Supplied records START
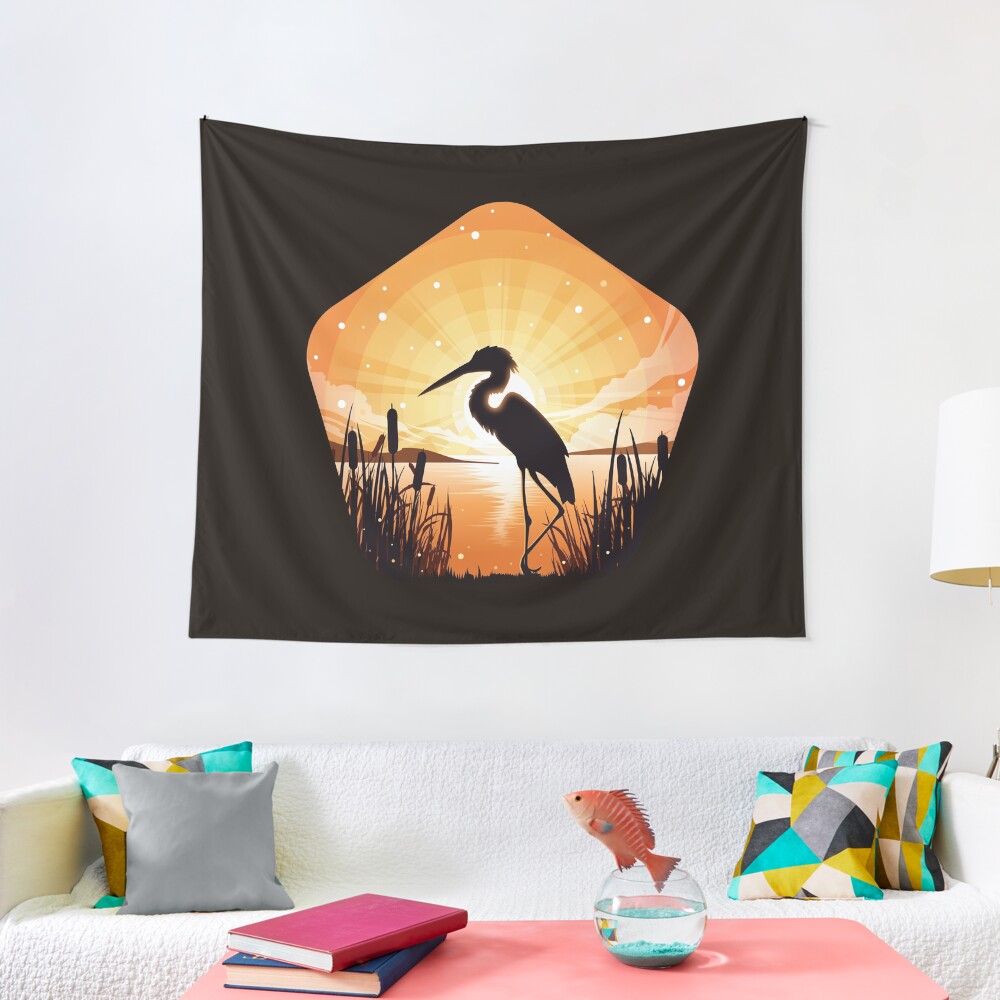 The heron stands on the shore of the lake Tapestry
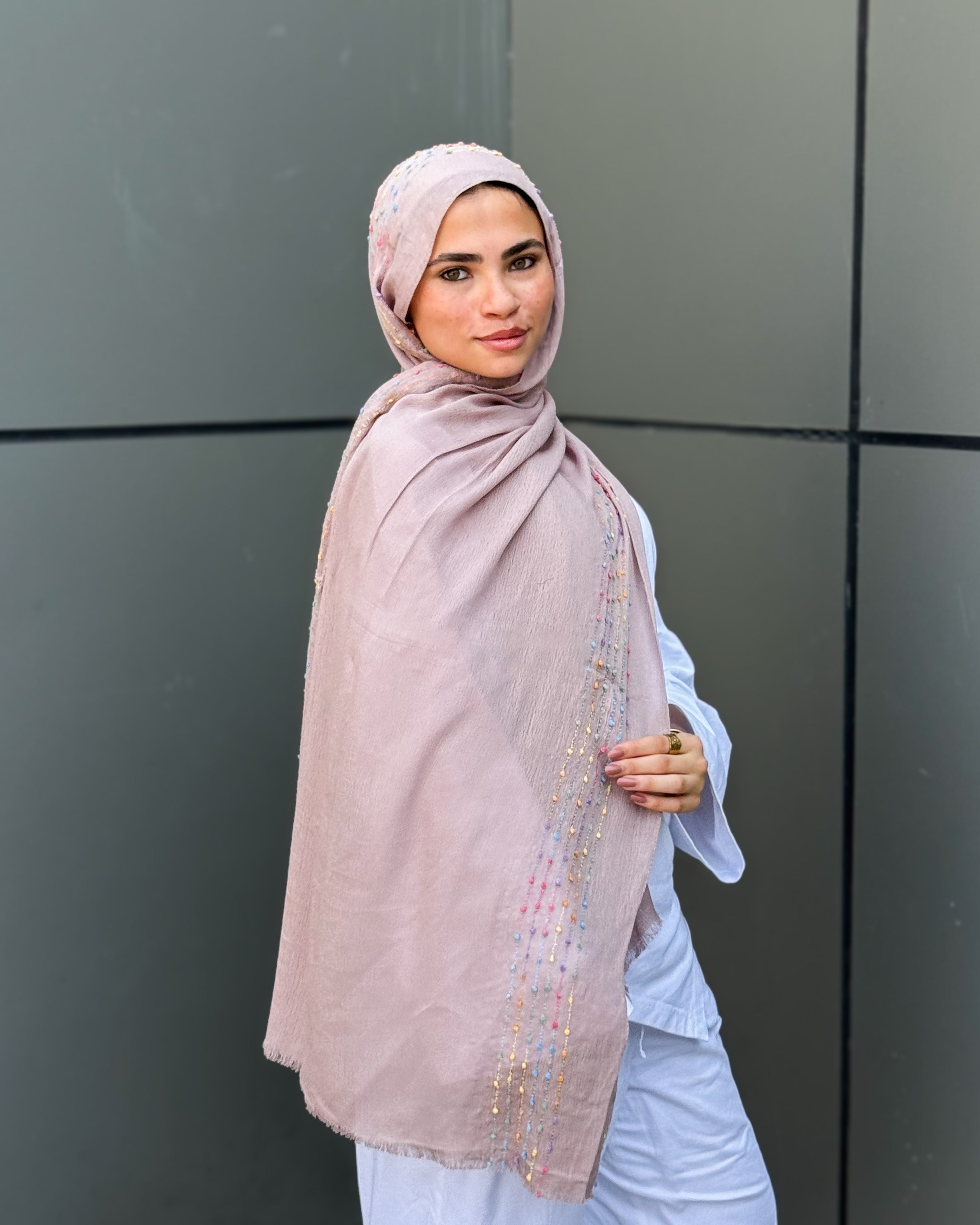 Twist of Lines Hijab - Dusty Rose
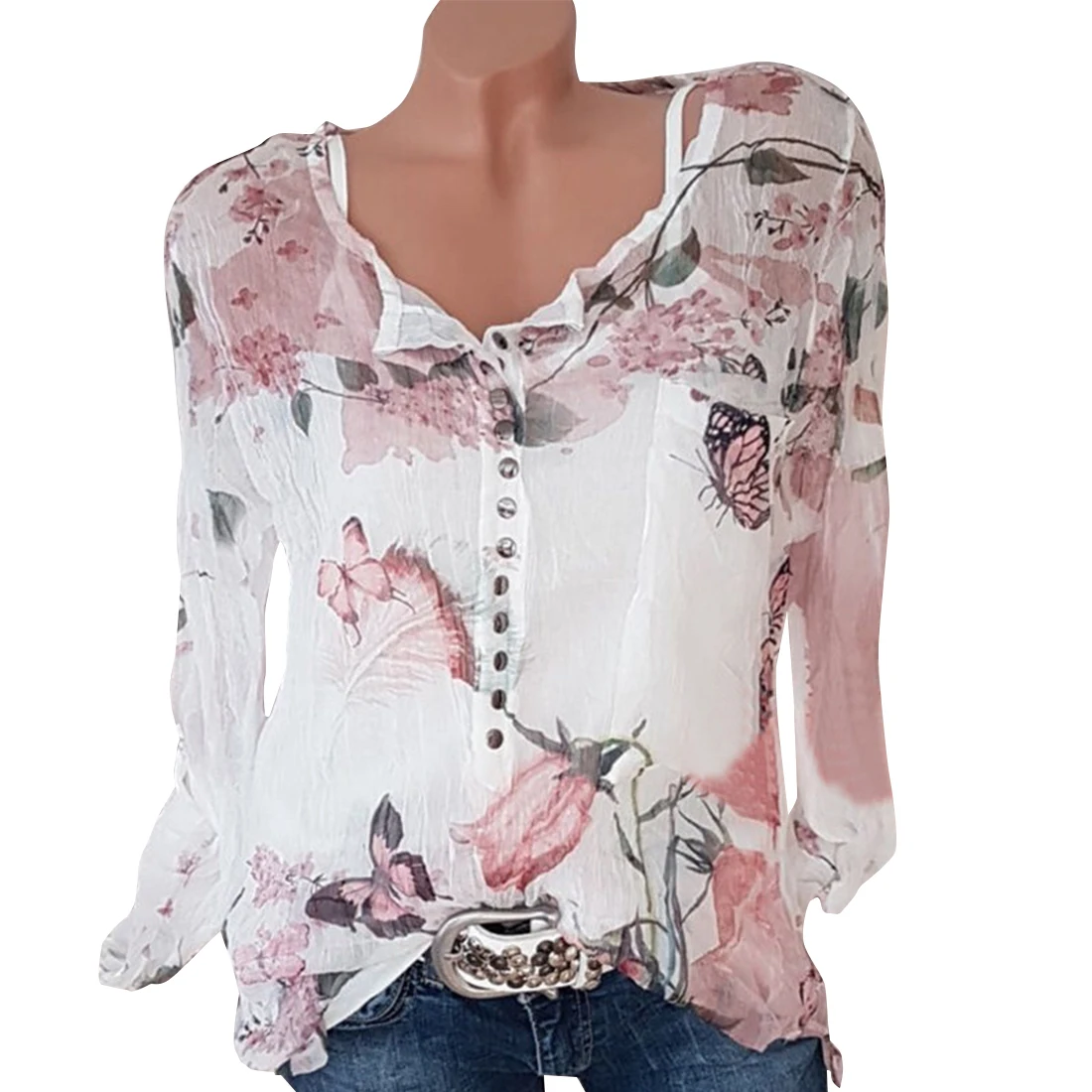 2019 Fashion Women Plus Size Chiffon Shirt Sexy V-Neck Full Sleeve Autumn Blusa Feminina Women Blouse Tops Single-Breasted Print 2019 Fashion Women Plus Size Chiffon Shirt Sexy V-Neck Full Sleeve Autumn Blusa Feminina Women Blouse Tops Single-Breasted Print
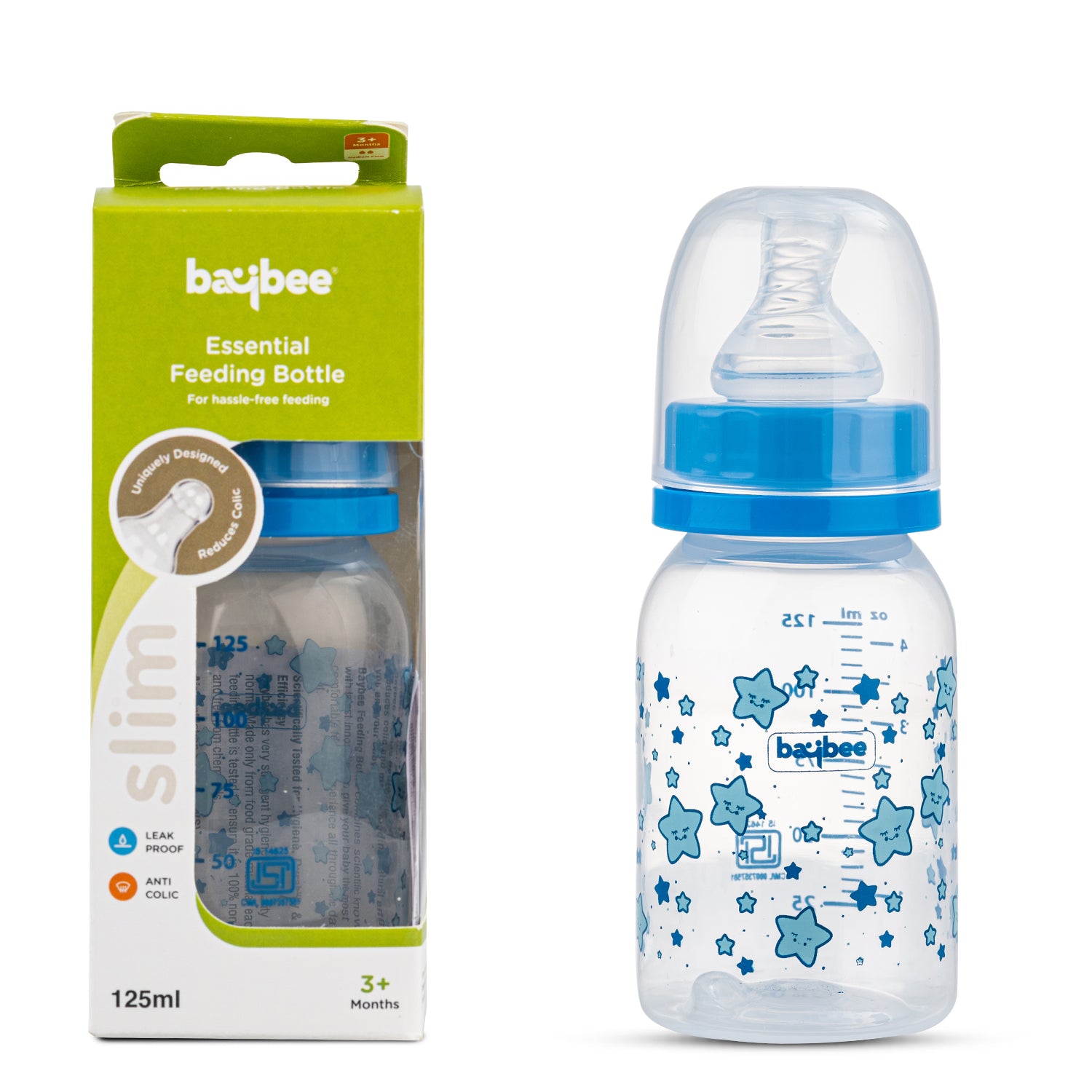 Leak Proof Anti Colic Feeding Bottle  - Slim - 125ML - 3M+ (Green) - The Minikin Store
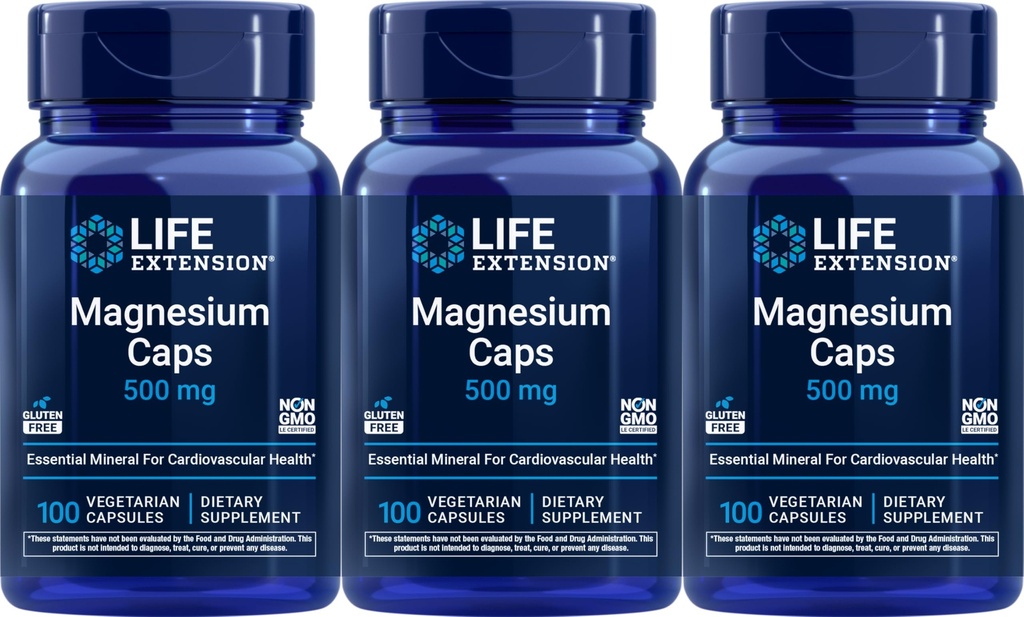 Life Extension Magnesium 500 mg, 100 Vegetarian Capsules (Pack of 3)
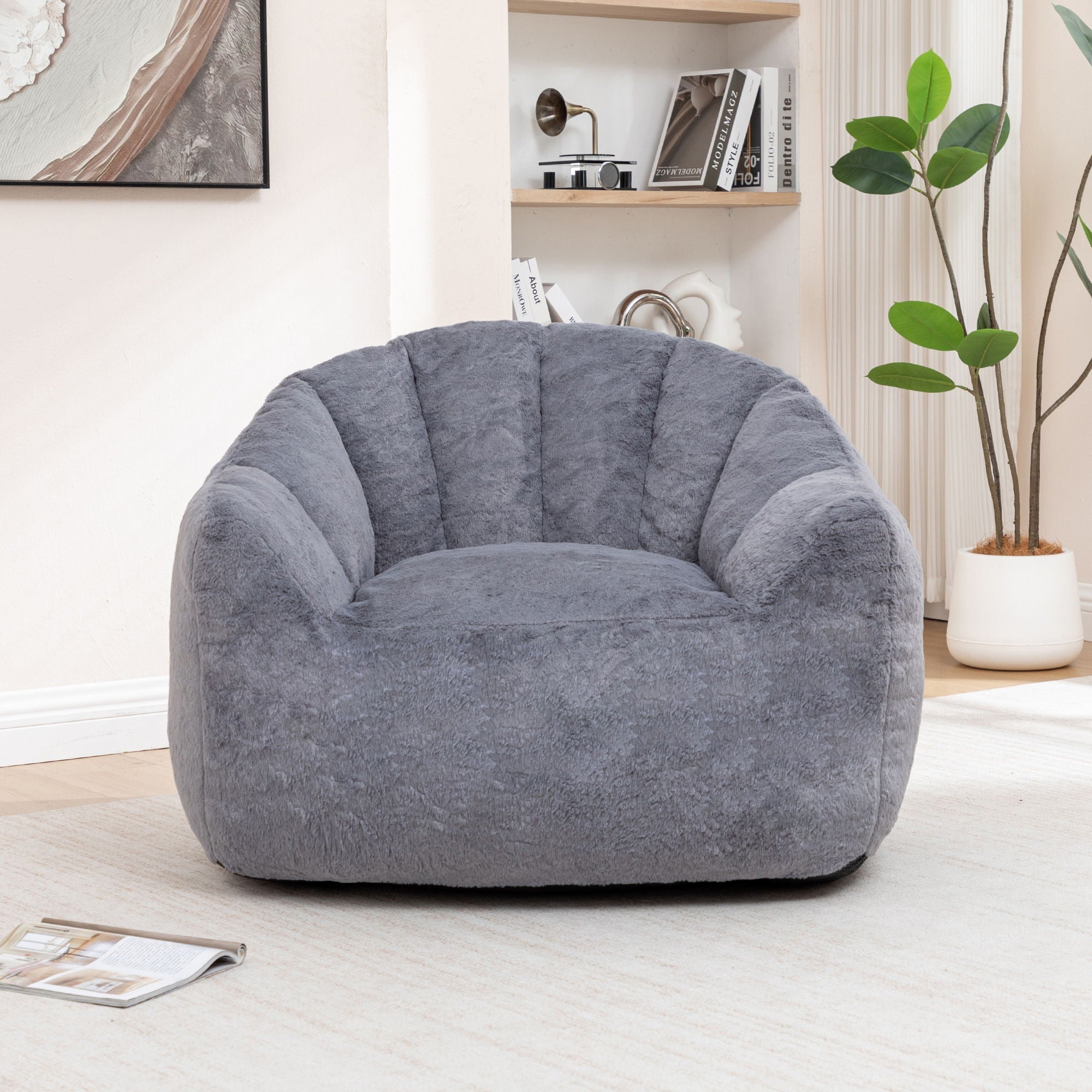 Beanbag Chair, Beanbag Sofa Chair With Armrests Stuffed High Density Foam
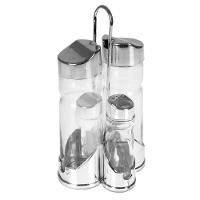 Galheteiro Vidro De Mesa 5 Pecas Suporte Kit Azeite Vinagre Sal Tempero Cozinha Bar Restaurante Portatil Cromado - 2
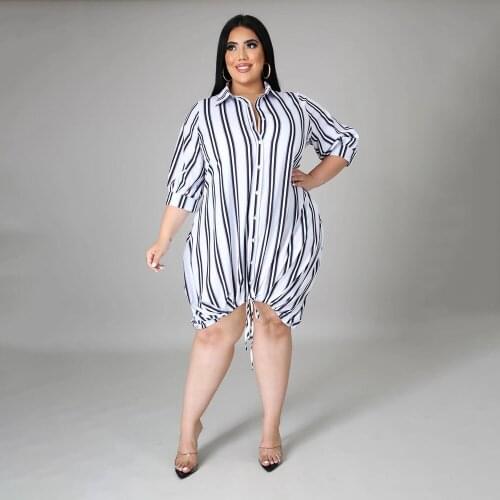 L-5XL Black White Vertical Striped Shirt Dress Women Turn Down Collar Three Quarter Sleeve Dress Office Lady Buttons Up Dresses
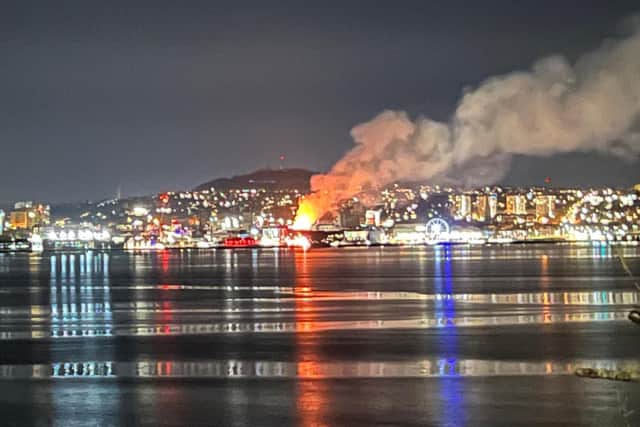 A fire broke out in Dundee city centre on Saturday evening. Picture: Niall Campbell/PA Wire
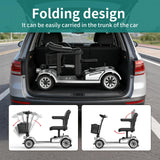 Folding 4 Wheel Mobility Scooter for Seniors, 250W Differential Motor, Detachable Battery, Compact Travel Electric Wheelchair with Adjustable Seat, Max Load 418LB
Supplied records END
● **What you have to do**
Only one part of the material above is wanted: the lines from the one with "Leak Proof Anti" up to and including the one with "Galheteiro Vidro De". Please copy them exactly, pictures left out.

● **Written response**
 Leak Proof Anti Colic Feeding Bottle  - Slim - 125ML - 3M+ (Green) - The Minikin Store
 Life Extension Magnesium 500 mg, 100 Vegetarian Capsules (Pack of 3)
 Beanbag Chair, Beanbag Sofa Chair With Armrests Stuffed High Density Foam
 Galheteiro Vidro De Mesa 5 Pecas Suporte Kit Azeite Vinagre Sal Tempero Cozinha Bar Restaurante Portatil Cromado - 2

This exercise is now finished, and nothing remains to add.